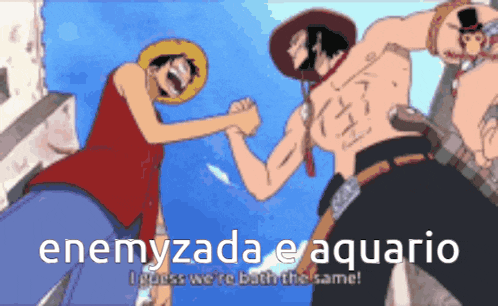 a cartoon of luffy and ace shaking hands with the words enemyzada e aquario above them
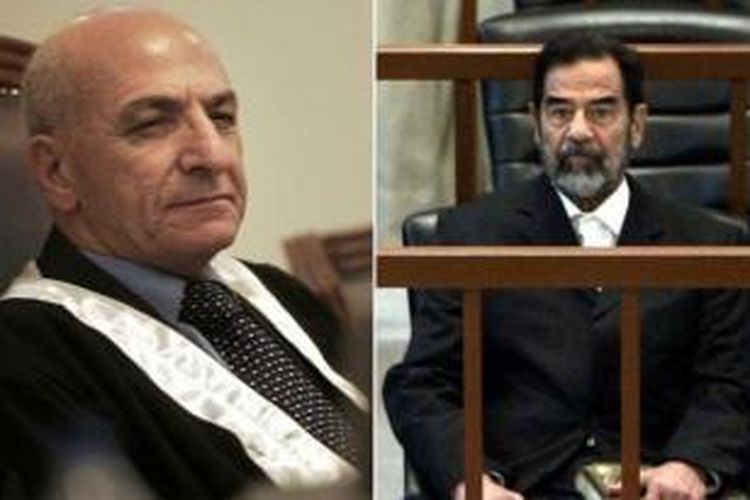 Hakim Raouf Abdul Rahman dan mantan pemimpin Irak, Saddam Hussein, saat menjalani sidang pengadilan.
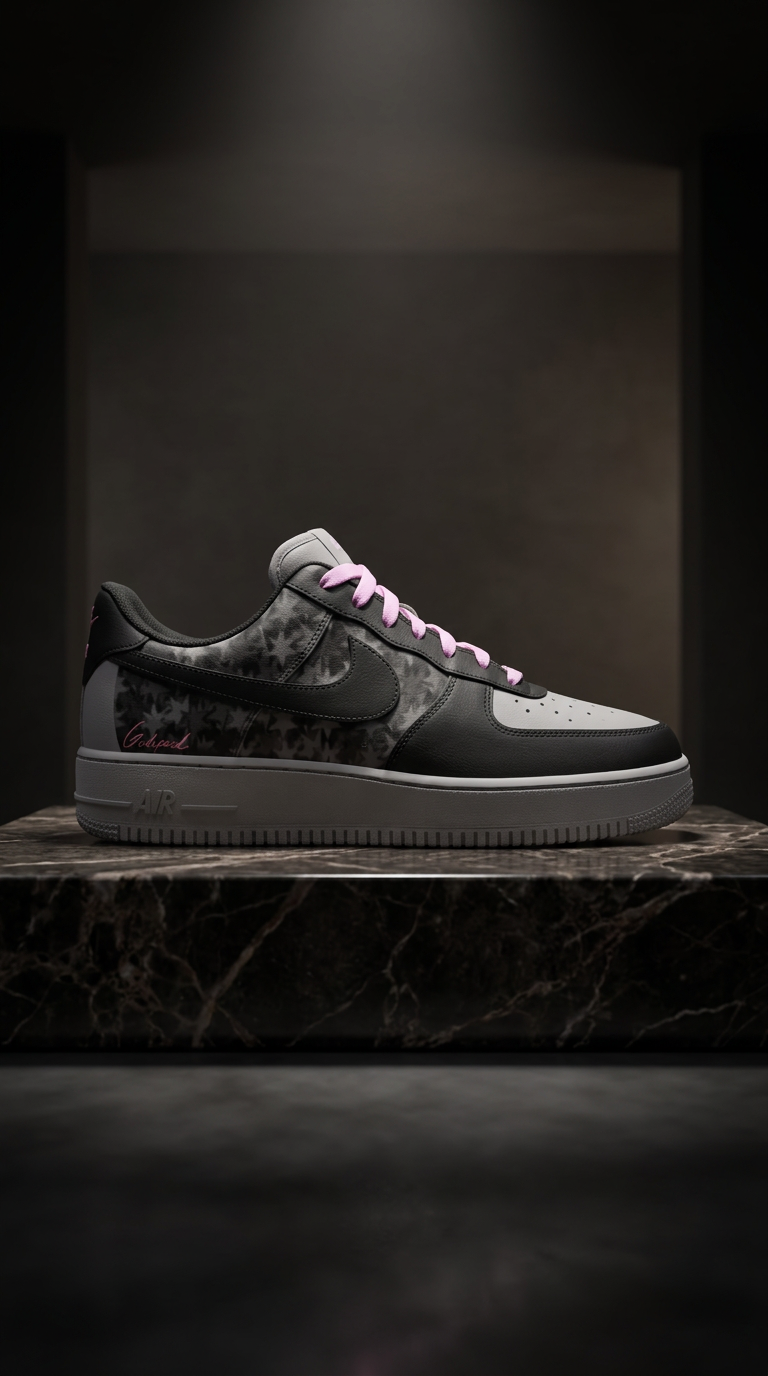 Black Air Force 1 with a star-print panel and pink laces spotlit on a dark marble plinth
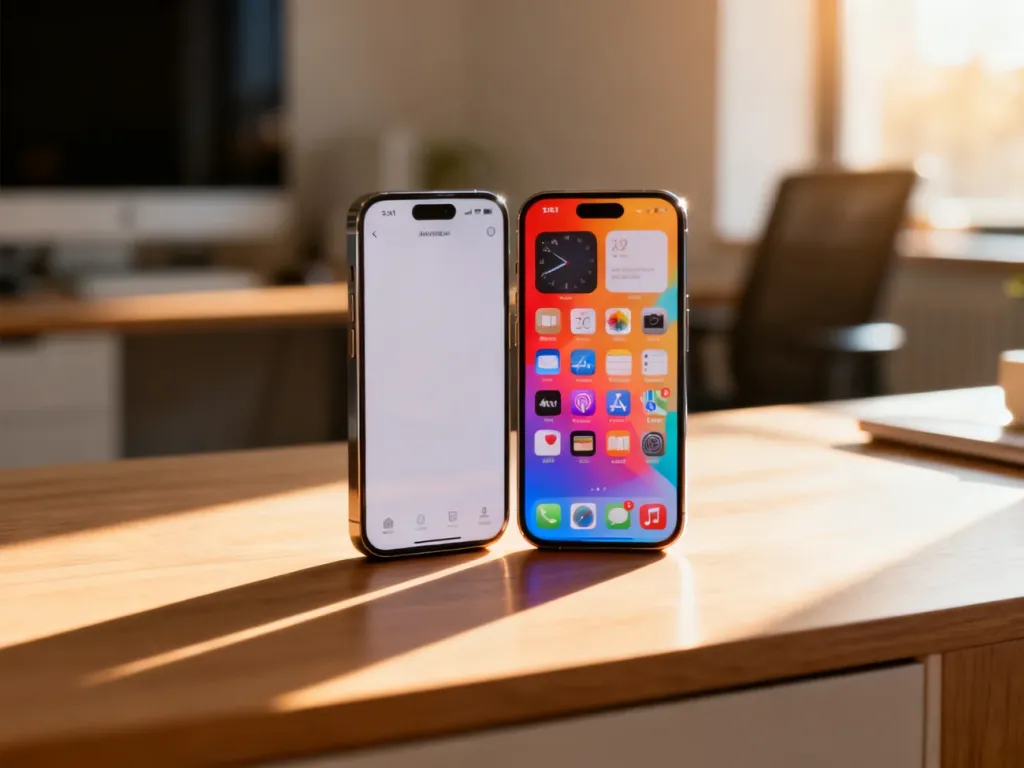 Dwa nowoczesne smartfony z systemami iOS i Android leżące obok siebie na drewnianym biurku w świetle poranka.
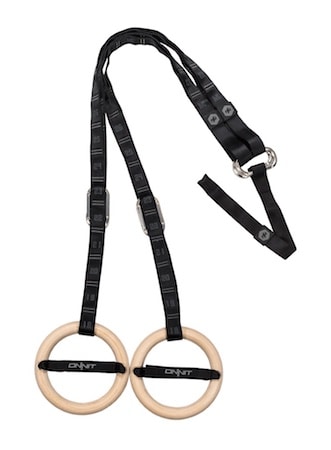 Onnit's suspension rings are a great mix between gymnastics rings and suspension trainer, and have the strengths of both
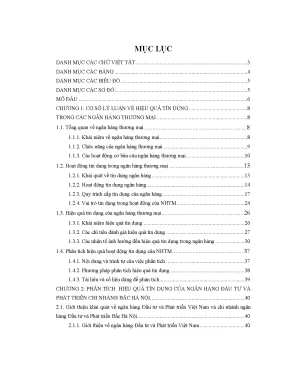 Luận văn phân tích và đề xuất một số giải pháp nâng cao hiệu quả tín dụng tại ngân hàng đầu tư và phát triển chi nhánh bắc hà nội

:::::

Only exact lines belong in the answer: those from the beginning of the entries above through the line holding "Black Air Force", with no pictures.

▶ [ANSWER BOX]:
 a cartoon of luffy and ace shaking hands with the words enemyzada e aquario above them
 Hakim Raouf Abdul Rahman dan mantan pemimpin Irak, Saddam Hussein, saat menjalani sidang pengadilan.
 Black Air Force 1 with a star-print panel and pink laces spotlit on a dark marble plinth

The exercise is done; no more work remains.